Unify logic to generate embeddings from scratch and incrementally

This simplifies the `compute_embeddings' method and avoids potential later divergence in handling the index regenerate vs update scenarios
2024-11-23 23:48:56 +01:00 · 2023-07-16 00:22:14 -07:00 · 2023-07-16 00:22:14 -07:00 · 89c7819cb7
commit 89c7819cb7
parent 6a0297cc86
1 changed files with 18 additions and 22 deletions
--- a/src/khoj/search_type/text_search.py
+++ b/src/khoj/search_type/text_search.py
@ -62,36 +62,32 @@ def compute_embeddings(
 ):
    "Compute (and Save) Embeddings or Load Pre-Computed Embeddings"
    new_entries = []
+    create_index_msg = ""
    # Load pre-computed embeddings from file if exists and update them if required
    if embeddings_file.exists() and not regenerate:
        corpus_embeddings: torch.Tensor = torch.load(get_absolute_path(embeddings_file), map_location=state.device)
        logger.debug(f"Loaded {len(corpus_embeddings)} text embeddings from {embeddings_file}")
-
-        # Encode any new entries in the corpus and update corpus embeddings
-        new_entries = [entry.compiled for id, entry in entries_with_ids if id == -1]
-        if new_entries:
-            logger.info(f"📩 Indexing {len(new_entries)} text entries.")
-            new_embeddings = bi_encoder.encode(
-                new_entries, convert_to_tensor=True, device=state.device, show_progress_bar=True
-            )
-            existing_entry_ids = [id for id, _ in entries_with_ids if id != -1]
-            if existing_entry_ids:
-                existing_embeddings = torch.index_select(
-                    corpus_embeddings, 0, torch.tensor(existing_entry_ids, device=state.device)
-                )
-            else:
-                existing_embeddings = torch.tensor([], device=state.device)
-            corpus_embeddings = torch.cat([existing_embeddings, new_embeddings], dim=0)
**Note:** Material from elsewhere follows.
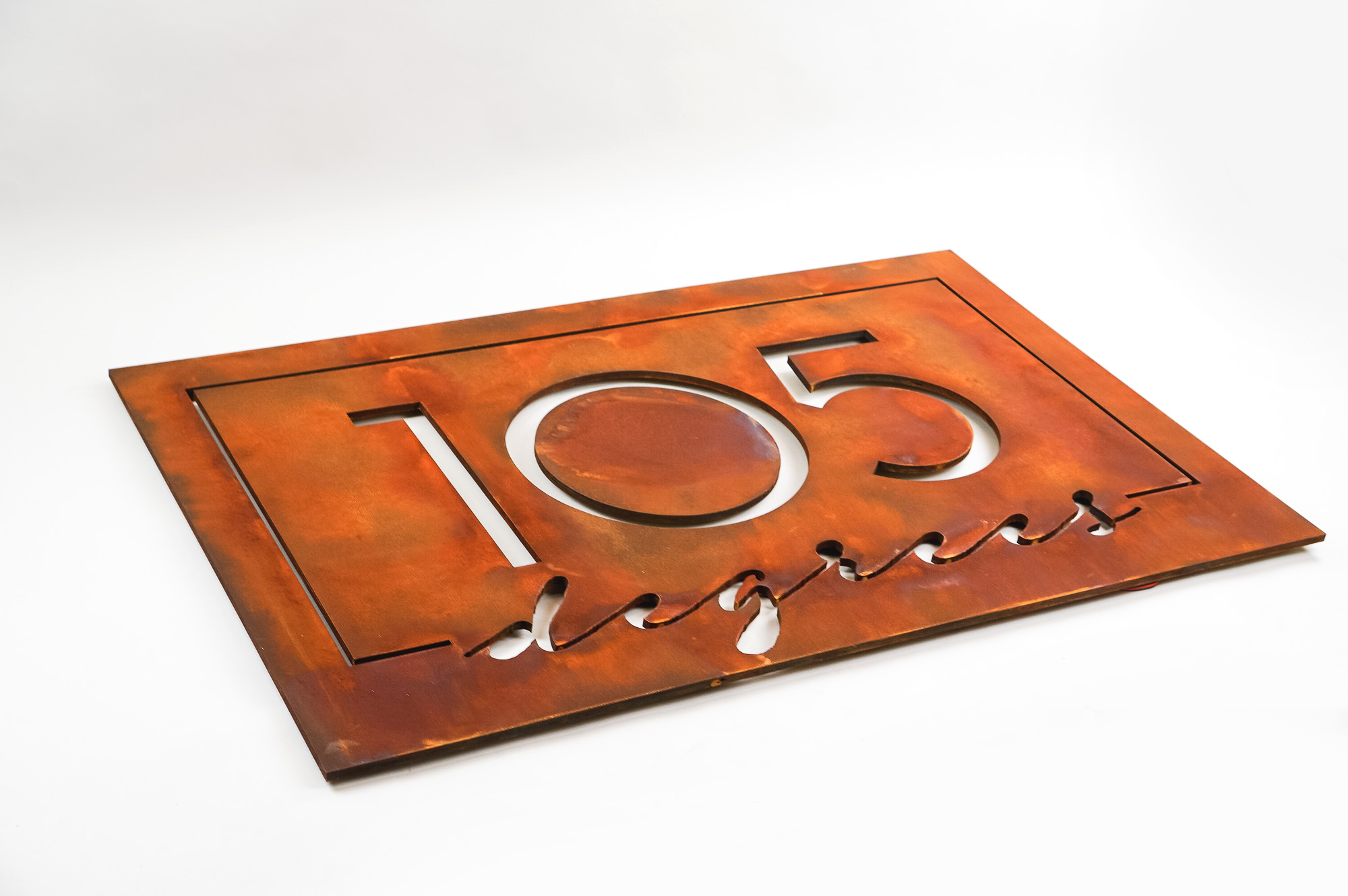 Rusted metal illuminated sign for 105 Degrees, a hot yoga studio at Newtown Athletic Club, a premiere family fitness and wellness center serving residents of Newtown, PA Rusted metal illuminated sign for 105 Degrees, a hot yoga studio at Newtown Athletic Club, a premiere family fitness and wellness center serving residents of Newtown, PA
-    # Else compute the corpus embeddings from scratch
    else:
-        new_entries = [entry.compiled for _, entry in entries_with_ids]
-        logger.info(f"📩 Indexing {len(new_entries)} text entries. Creating index from scratch.")
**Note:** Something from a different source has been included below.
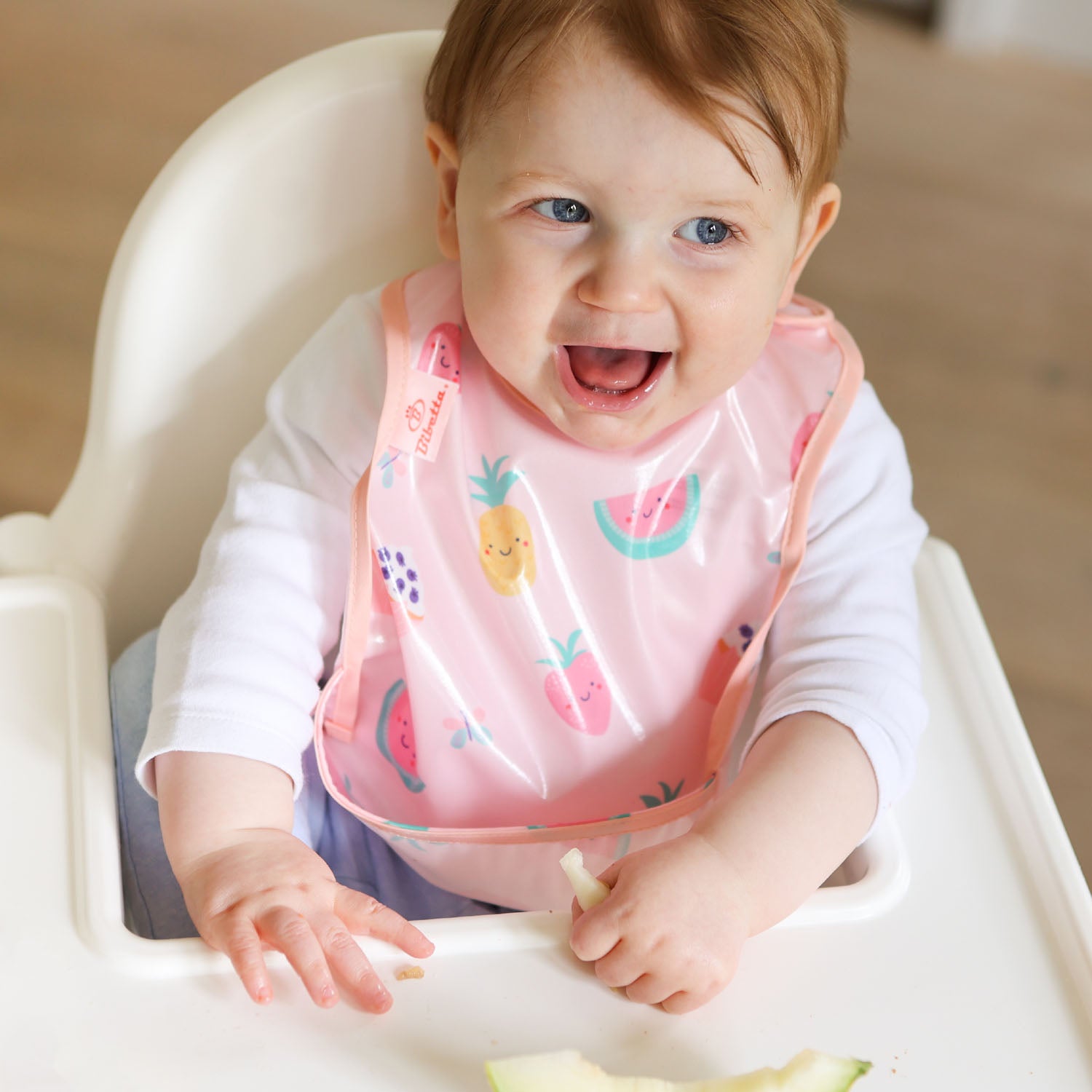 a smiling baby seated in a white ikea highchair wearing a Bibetta wipeezee weaning bib in pink yummy treats pattern with the pocket folded to the front. The baby is dressed in a white long sleeved top and blue leggings. 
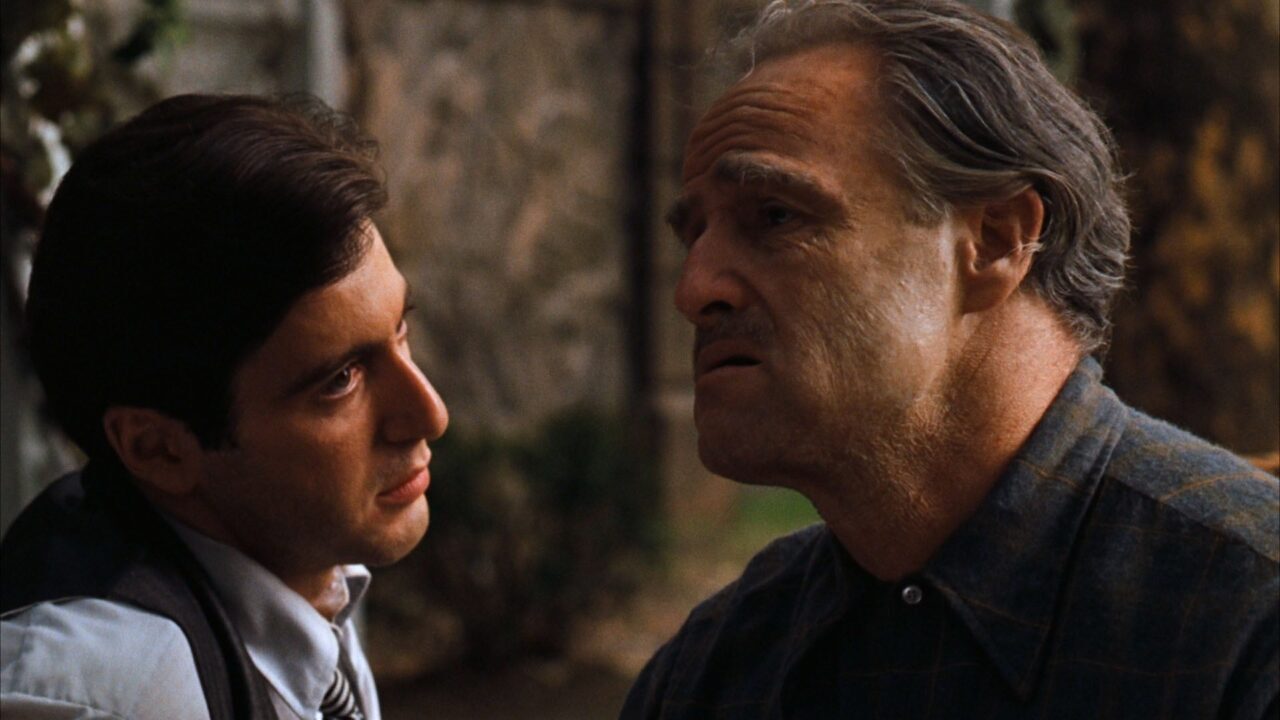Primi piani di Al Pacino e Marlon Brando ne Il padrino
-        corpus_embeddings = bi_encoder.encode(
+        corpus_embeddings = torch.tensor([], device=state.device)
+        create_index_msg = " Creating index from scratch."
+
+    # Encode any new entries in the corpus and update corpus embeddings
+    new_entries = [entry.compiled for id, entry in entries_with_ids if id == -1]
+    if new_entries:
+        logger.info(f"📩 Indexing {len(new_entries)} text entries.{create_index_msg}")
+        new_embeddings = bi_encoder.encode(
            new_entries, convert_to_tensor=True, device=state.device, show_progress_bar=True
        )
+        existing_entry_ids = [id for id, _ in entries_with_ids if id != -1]
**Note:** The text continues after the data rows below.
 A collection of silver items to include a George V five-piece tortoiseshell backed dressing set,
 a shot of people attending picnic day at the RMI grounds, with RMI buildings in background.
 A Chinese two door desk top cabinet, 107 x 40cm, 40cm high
+        if existing_entry_ids:
+            existing_embeddings = torch.index_select(
+                corpus_embeddings, 0, torch.tensor(existing_entry_ids, device=state.device)
+            )
+        else:
+            existing_embeddings = torch.tensor([], device=state.device)
+        corpus_embeddings = torch.cat([existing_embeddings, new_embeddings], dim=0)

-    # Save regenerated or updated embeddings to file
-    if new_entries:
+        # Save regenerated or updated embeddings to file
        corpus_embeddings = util.normalize_embeddings(corpus_embeddings)
        torch.save(corpus_embeddings, embeddings_file)
        logger.info(f"📩 Saved computed text embeddings to {embeddings_file}")